Lets say we want to drive the robot end-effector in constant velocity along a rounded rectangular path to mimic a glue dispensing application. The Jacobian can be used to find the angular velocities required in order to maintain the end-effector velocity constant. The referenced robot is Adapt S350 SCARA, but only 2 degrees of freedom are used.
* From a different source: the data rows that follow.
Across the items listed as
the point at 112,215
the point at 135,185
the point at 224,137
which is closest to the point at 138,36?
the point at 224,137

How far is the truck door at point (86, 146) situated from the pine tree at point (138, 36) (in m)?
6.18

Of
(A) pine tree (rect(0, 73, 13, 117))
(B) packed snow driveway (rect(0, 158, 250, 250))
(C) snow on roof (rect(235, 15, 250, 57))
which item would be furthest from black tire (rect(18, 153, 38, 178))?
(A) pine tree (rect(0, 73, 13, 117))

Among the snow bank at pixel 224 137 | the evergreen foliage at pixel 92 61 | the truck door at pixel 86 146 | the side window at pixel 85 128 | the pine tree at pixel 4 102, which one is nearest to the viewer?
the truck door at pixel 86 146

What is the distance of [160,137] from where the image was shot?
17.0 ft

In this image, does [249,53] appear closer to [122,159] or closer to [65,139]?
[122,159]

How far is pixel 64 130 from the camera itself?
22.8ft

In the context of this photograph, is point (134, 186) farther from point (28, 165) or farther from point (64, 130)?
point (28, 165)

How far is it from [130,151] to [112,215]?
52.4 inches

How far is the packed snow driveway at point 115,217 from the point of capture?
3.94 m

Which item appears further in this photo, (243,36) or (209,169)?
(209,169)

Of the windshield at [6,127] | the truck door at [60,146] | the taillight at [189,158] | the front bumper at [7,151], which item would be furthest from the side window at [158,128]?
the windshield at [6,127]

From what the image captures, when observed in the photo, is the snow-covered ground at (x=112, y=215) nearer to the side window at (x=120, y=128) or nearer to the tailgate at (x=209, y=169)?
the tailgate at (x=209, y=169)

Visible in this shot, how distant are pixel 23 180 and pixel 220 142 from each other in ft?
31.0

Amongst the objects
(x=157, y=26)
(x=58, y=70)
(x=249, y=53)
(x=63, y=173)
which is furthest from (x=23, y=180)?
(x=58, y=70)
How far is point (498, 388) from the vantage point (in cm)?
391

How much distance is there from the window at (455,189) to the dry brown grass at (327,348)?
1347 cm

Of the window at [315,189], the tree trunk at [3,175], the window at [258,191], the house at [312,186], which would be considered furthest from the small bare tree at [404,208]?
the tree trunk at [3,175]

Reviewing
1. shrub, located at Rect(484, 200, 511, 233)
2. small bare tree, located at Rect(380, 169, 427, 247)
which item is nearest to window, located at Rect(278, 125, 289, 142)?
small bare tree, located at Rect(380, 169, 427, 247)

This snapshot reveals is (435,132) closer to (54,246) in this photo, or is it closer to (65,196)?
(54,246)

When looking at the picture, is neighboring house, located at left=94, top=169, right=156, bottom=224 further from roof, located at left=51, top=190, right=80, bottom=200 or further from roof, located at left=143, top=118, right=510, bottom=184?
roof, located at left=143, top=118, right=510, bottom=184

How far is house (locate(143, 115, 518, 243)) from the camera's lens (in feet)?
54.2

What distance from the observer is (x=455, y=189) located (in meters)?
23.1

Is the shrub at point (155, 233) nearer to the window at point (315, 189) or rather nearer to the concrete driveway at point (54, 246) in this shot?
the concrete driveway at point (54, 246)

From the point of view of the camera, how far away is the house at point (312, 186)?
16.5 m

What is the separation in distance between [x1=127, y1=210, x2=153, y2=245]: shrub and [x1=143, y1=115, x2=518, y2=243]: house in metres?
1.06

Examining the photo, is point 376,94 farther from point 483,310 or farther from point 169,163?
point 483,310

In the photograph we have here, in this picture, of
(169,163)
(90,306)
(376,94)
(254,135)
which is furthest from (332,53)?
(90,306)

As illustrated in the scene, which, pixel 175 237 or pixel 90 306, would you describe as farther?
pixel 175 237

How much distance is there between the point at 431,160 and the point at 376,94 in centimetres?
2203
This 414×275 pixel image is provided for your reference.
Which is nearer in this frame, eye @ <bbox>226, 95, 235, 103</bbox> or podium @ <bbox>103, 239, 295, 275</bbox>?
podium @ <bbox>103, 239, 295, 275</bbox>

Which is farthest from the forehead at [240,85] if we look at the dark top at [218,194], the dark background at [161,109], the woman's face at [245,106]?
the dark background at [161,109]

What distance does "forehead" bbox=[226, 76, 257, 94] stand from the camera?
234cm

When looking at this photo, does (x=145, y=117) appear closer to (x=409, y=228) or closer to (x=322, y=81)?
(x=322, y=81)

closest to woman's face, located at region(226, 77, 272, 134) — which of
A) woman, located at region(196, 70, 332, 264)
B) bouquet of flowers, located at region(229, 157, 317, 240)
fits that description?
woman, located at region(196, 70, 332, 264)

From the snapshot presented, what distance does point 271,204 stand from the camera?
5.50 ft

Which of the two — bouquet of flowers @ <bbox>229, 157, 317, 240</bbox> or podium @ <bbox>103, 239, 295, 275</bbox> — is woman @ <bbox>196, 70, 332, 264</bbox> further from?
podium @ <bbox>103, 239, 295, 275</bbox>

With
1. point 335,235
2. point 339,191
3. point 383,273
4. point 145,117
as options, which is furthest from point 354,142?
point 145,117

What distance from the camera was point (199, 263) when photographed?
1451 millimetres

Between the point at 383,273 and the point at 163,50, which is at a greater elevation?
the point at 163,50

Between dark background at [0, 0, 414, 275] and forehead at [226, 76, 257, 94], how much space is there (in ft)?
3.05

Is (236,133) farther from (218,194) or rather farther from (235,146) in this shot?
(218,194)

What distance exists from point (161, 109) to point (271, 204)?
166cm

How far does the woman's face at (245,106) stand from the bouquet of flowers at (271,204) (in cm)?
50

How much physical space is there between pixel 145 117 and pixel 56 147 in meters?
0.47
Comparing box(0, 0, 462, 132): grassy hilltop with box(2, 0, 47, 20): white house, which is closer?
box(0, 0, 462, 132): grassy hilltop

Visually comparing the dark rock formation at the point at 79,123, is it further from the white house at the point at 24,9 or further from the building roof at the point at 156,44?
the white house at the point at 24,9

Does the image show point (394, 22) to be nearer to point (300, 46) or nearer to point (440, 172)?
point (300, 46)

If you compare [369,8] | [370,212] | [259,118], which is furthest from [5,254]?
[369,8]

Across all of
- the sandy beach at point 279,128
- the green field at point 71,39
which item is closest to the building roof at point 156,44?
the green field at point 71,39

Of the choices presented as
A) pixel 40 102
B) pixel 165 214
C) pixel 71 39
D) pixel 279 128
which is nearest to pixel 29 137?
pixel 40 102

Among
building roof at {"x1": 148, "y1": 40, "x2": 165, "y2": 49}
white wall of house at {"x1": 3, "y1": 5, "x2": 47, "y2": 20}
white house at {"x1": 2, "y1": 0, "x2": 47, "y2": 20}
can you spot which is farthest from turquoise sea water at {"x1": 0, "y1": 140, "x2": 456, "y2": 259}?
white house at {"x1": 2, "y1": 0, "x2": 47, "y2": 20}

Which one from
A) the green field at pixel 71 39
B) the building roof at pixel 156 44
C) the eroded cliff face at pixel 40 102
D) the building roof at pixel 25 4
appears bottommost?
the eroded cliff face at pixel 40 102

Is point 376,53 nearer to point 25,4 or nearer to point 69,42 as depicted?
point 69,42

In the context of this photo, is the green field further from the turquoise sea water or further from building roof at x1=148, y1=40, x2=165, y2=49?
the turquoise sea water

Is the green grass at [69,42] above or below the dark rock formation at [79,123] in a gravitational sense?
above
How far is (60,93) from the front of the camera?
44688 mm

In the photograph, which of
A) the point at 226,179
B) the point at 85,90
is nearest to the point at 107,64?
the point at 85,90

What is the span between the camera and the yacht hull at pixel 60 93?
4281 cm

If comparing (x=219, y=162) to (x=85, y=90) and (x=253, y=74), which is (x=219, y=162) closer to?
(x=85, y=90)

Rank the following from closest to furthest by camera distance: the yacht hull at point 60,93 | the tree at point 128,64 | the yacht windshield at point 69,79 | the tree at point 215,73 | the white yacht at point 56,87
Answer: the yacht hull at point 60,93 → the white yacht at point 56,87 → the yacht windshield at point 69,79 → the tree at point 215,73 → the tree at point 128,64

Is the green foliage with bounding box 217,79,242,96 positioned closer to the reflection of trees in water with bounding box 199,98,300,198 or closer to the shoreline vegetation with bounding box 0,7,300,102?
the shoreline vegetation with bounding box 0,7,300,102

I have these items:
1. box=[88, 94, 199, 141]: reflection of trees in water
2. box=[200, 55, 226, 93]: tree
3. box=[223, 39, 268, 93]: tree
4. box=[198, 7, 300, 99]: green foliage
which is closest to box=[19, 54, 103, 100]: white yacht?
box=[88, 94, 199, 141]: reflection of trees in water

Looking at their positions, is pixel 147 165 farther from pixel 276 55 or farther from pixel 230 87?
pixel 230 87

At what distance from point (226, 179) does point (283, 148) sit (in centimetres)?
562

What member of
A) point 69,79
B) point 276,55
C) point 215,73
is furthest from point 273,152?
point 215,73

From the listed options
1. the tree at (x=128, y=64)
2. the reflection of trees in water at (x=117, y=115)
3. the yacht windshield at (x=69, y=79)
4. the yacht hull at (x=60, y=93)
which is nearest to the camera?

The simulation can be done in MATLAB using the robotics toolbox as follows.

Scara3

MATLAB code

%clc
%clear all;

a1= 12.5;
a2 =25.5;
theta1 = pi/4;
theta2 = pi/8;
d3 =2;

%Initial position
ini_x = -9;
ini_y = 20;
ini_z = 0;
ini_q = [0.399    2.100 0];
% Time between two points in seconds
t = 0.05;

% Number of points along the path
pts = 485;

% Time segments for plotting graphs
tGraph  = 0:0.05:t*pts;

%Defining the robot
L1 = Link([theta1 0 a1 0 0]);
L2 = Link([theta2 0 a2 pi 0]);
L3 = Link([0 d3 0 0 1]);
L = SerialLink([L1 L2 L3]);
L.name = 'SCARA';

%Initializing Matrices for linear and angular velocity storage
linearVs = zeros(pts,3);
angularVs = zeros(pts,3);
SCARADrawn_XYZp = zeros(pts,3);

figure(1);

%Initial Pose
T = transl(ini_x, ini_y, ini_z);
qs = L.ikine(T, [0.399    2.100 0], [1 1 1 0 0 0])
plot(L ,qs,'workspace', [-pi pi -pi pi -5 5])
qs = qs';

for i = 1:pts
%Calculating the Jacobian for the current coordinate
T = transl(contour(i,1),contour(i,2),0);
qs = L.ikine(T, qs, [1 1 1 0 0 0]);
J = jacob0(L, qs);

Jxyz = J(1:3,:);

%Calculating the required angular velocities
qd = inv(Jxyz)*  [contour(i,3) contour(i,4) 0 ]';
angularVs(i,:) = qd';

xd = Jxyz*qd;
linearVs(i,:)=xd;

% Angular displacement
qs =  qs' + qd*t;

figure(1);

% Plot the robot
plot(L ,qs','workspace', [-pi pi -pi pi -5 5])

% XY Plot
Tfkine = L.fkine(qs');
p = transl(Tfkine);
figure(2);
hold on;
plot(p(1), p(2))
SCARADrawn_XYZp(i,:) = p';

end

The contour matrix has 4 columns for position x, position y, velocity x, velocity y and the number of rows equals to the number points along the path. The time between two points is set to 0.05s. By defining the matrix contour as desired, the required angular velocities for the joints can be found.